Chairman, Federal Civil Service Commission, Prof. Tunji Olaopa (5th left);  Director- General, Nigerian Institute for Social and Economic Research, Prof. Anthonia Simbine (4th left);  Permanent Secretary, FCSC, Mr Philip Ndiomu ( 3rd left); Commissioner representing FCT and Niger State, Dr Hussaini Adamu (2nd left); Commissioner representing Kebbi, Sokoto and Zamfara States, Mr Shehu Aliyu (left); Commissioner representing Akwa Ibom and Cross River States, Mr Ededet Eyoma (third, right); Commissioner representing Benue, Nasarawa and Plateau States, Dr Jonah Madugu (2nd right); and Commissioner representing Anambra, Ebonyi and Enugu States, Dr Chamberlain Nwele (right)  during the courtesy visit in Abuja on Wednesday.

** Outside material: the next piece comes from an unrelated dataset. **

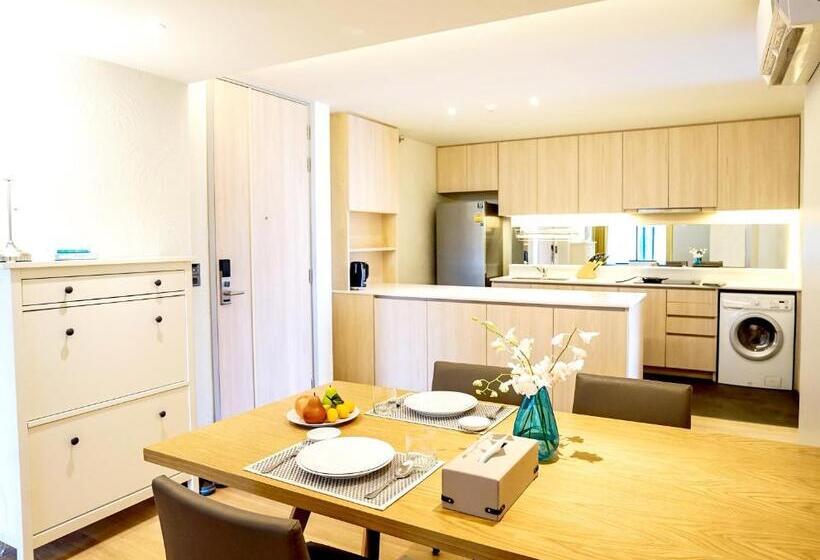 2 Bedrooms Suite Sea View, Balcony Seaside Sriracha Hotel & Serviced Apartments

Chairman, Federal Civil Service Commission, Prof. Tunji Olaopa (5th left); Director- General, Nigerian Institute for Social and Economic Research, Prof. Anthonia Simbine (4th left); Permanent Secretary, FCSC, Mr Philip Ndiomu ( 3rd left); Commissioner representing FCT and Niger State, Dr Hussaini Adamu (2nd left); Commissioner representing Kebbi, Sokoto and Zamfara States, Mr Shehu Aliyu (left); Commissioner representing Akwa Ibom and Cross River States, Mr Ededet Eyoma (third, right); Commissioner representing Benue, Nasarawa and Plateau States, Dr Jonah Madugu (2nd right); and Commissioner representing Anambra, Ebonyi and Enugu States, Dr Chamberlain Nwele (right) during the courtesy visit in Abuja on Wednesday.

The Chairman of the Federal Civil Service Commission (FCSC), Prof. Tunji Olaopa, has explained why government depends less on the output of local researchers.

According to Olaopa, it is probably because local research does not contain deep and practical content that solves the specific problems of government .

The professor of public administration spoke on Wednesday when the Director General of the Nigerian Institute for Social and Economic Research ( NISER), Prof. Antonia Simbine, paid him a courtesy visit in his office in Abuja.

To Olaopa, the interface between the policy space and research industry needs a “recalibration with a significant dose of strategic communication which requires a lot of research evangelists with the essential research elite and the public intellectuals and the press.”

He noted that NISER was deployed by policy experts to create seminal conversations to set the tone for development .

But he lamented that he had observed at a personal level and based on his “experience of over three decades and the significant expertise that is built in the course of my working on international development projects, and much later when I rose to senior positions in the civil service, that each time that I led major development projects or policy design works that required deep analytics, our most reliable allies were the foreign development agencies, who alone appreciate the range of expertise and knowledge that such efforts require and are ever willing to fund them.”

He said until lately when some foundations were rising up to the challenge, “the unfortunate reality in the policy space was that local capacities and institutional capabilities of our research institutions, think tanks, and experts have not been systematically built and harnessed , thereby making our experts’ output to be gradually irrelevant and consigned to publication and for individual promotion and professional development and not as input into the public policy making process.”

He further lamented that the research agenda of national research centres and local experts is now generally dominated by themes of concern to external partners who are the major funders of international research.

“This has to do on one hand with what has been globally recognised as African contribution to global research and funding being abysmally infinitesimal and on the other hand, it has to do with the level of research relevance, with policy researchers complaining that their works are not being used by government. It also explains why the bulk of useful developmental statistics are funded by foreign development agencies. It is the reason that some scholars think that some African countries do not understand what development is all about.”

Earlier, Prof. Simbine had explained that her visit was to congratulate Prof. Olaopa on his appointment as the chairman of FCSC and to express the readiness of NISER for collaboration with the commission in areas such as research and training.